▸ WORK TASK
Once the line with "Lampadario A Sospensione" is found in the entries below, repeat it and each following line exactly, up to and including the line with "Roasted Red Pepper Spinach Stuffed". Add no other lines.

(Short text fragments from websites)
------------

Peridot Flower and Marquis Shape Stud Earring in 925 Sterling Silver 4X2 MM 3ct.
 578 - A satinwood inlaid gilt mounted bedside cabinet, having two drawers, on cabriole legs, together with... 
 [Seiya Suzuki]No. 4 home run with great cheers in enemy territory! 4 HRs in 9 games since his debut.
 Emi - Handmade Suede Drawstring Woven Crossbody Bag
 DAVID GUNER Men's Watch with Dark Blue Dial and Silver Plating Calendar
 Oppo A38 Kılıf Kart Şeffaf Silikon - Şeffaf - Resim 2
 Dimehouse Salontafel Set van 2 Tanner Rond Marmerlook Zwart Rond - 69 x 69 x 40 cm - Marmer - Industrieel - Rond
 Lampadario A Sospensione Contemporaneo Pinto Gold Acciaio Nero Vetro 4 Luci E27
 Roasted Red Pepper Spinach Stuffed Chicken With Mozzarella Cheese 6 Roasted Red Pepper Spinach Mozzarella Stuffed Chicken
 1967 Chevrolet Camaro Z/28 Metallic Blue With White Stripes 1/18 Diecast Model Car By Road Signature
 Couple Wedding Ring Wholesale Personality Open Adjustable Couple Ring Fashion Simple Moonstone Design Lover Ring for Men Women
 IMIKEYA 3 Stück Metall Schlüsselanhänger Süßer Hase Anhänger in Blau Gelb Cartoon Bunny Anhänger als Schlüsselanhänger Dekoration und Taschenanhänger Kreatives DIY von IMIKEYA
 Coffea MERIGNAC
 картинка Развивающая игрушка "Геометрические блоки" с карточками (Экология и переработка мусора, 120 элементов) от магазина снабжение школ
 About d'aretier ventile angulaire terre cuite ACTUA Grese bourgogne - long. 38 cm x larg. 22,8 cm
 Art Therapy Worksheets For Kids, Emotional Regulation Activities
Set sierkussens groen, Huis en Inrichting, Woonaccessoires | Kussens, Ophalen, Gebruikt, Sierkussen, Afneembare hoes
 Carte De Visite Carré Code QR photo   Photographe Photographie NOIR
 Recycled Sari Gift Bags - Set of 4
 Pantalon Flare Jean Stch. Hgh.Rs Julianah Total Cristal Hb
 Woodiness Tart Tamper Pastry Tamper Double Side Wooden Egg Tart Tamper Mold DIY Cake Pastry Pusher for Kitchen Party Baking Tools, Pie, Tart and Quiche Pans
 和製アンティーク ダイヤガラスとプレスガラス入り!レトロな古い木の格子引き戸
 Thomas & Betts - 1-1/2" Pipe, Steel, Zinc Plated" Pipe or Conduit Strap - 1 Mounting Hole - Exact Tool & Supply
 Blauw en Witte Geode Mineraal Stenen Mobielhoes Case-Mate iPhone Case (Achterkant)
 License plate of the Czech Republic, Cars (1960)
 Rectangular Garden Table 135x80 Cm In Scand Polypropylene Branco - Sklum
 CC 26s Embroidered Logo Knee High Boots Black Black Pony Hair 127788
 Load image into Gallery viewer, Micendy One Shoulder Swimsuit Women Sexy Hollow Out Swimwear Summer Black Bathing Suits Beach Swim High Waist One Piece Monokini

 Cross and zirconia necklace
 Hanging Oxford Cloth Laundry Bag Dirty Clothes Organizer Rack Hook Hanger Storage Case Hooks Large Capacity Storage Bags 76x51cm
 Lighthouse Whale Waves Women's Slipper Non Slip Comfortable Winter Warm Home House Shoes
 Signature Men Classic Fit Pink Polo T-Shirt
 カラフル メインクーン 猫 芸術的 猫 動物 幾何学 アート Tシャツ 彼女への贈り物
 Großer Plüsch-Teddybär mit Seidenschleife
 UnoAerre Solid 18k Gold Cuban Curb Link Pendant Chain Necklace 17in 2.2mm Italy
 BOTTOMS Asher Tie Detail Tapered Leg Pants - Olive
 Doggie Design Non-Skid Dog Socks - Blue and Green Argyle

------------

▸ ANSWER BELOW
 Lampadario A Sospensione Contemporaneo Pinto Gold Acciaio Nero Vetro 4 Luci E27
 Roasted Red Pepper Spinach Stuffed Chicken With Mozzarella Cheese 6 Roasted Red Pepper Spinach Mozzarella Stuffed Chicken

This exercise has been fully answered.